Podia ser um homem cheio de recalques, tirando vingança da humanidade pelos seus desejos frustrados. Porque afinal, se uma criatura é nascida e criada junto à pancada do mar, vendo todo dia o sol despontar dentro do horizonte marinho; tendo por brinquedos de menino búzios e conchas da praia, por comida principal peixe e marisco ― haverá nada mais natural do que essa criatura resolver ser marinheiro?

E como tem ambições, não quer ser um simples pescador de jangada e saveiro, feito o pai e os tios, destina-se a voos mais altos e se engaja na marinha mercante.

Porém, estranhos e confusos são os caminhos da marinha mercante; não só com engajar-se e embarcar faz-se o homem marinheiro. Podem destiná-lo a taifeiro, por exemplo, e desse jeito jamais terá noção de que anda realmente embarcado. Só sabe que vive no mar por causa do balanço e do enjoo; o mais, as brisas marinhas, as límpidas noites dos trópicos, o horizonte sem fim, o cheiro salino do ar, os cardumes de sardinhas que acompanham a esteira do navio, isso ele jamais verá, senão num vislumbre perdido. Seu destino são as regiões inferiores do barco, os corredores forrados de passadeiras intermináveis e iluminados de dia e de noite, as portas dos camarotes uma em seguida da outra, numeradas como portas de cubículo numa prisão, as bandejas de café, almoço, merenda e jantar, o arranjo matinal dos beliches, os luxos dos passageiros enjoados, a melancolia das raras amizades de passagem, e as gorjetas mesquinhas, e os arrogantes que exigem milagres porque pensam que com aquela mísera gorjeta compraram a alma e o corpo de um escravo.

Essa a vida do taifeiro, ou camaroteiro que, menino de beira de praia, sonhou quando crescido tornar-se homem do mar.

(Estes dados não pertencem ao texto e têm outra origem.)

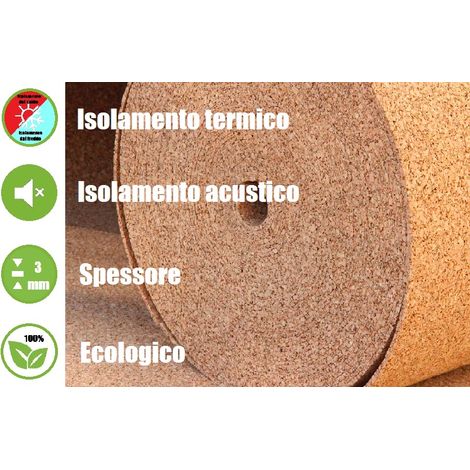 Rotolo in Sughero Naturale per Isolamento Termico/Acustico-20mx1mx3 mm (1/2)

Aquela decepção, aquela frustração, a farda branca e engomada para quem sonhou enfrentar com capa de oleado a onda azul, a bandeja e o espanador para quem cuidou ter na mão a roda do timoneiro.

Pois esse foi o destino de Artur, que nasceu perto da foz do São Francisco e desde pequeno sonhava com ser marujo. Tentou cumprir sua sina, engajou-se; apenas a sua sina não era de marujo, era de taifeiro, ― diferença que ao menos avisado pode parecer simplesmente uma sutileza, pois não andam ambos navegando pelo mar?

Contudo, Artur fez da sua frustração uma vitória, e nunca levou em conta a desvantagem da troca. O serviço penoso e exasperante, quem o vê a cumpri-lo, pensa que se trata de uma rotina leve e agradável. A cortesia, o bom humor, a solicitude com que trata os doentes e os enjoados. A fala branda do nortista, a risada franca, a facilidade para tudo. A fruta que aparece sempre que é preciso, e o leite quente, e chá fresco, e as toalhas imaculadas. E a senhora idosa enjoa menos, e o menino manhoso deixa de chorar, e o cavalheiro irritado para de vociferar contra o Lóide, quando Artur chega, atendendo ao toque do botão elétrico, tão rápido como o gênio de Aladim, e ri dos seus problemas e os resolve num minuto.

Não sei se existe medalha de mérito para taifeiros do Lóide; mas se não existe, será bom que a inventem. Que fabriquem pelo menos uma e a ponham estrelando no peito desse homem bom e útil, ― camaroteiro Artur, ala esquerda do convés especial, navio Pedro II.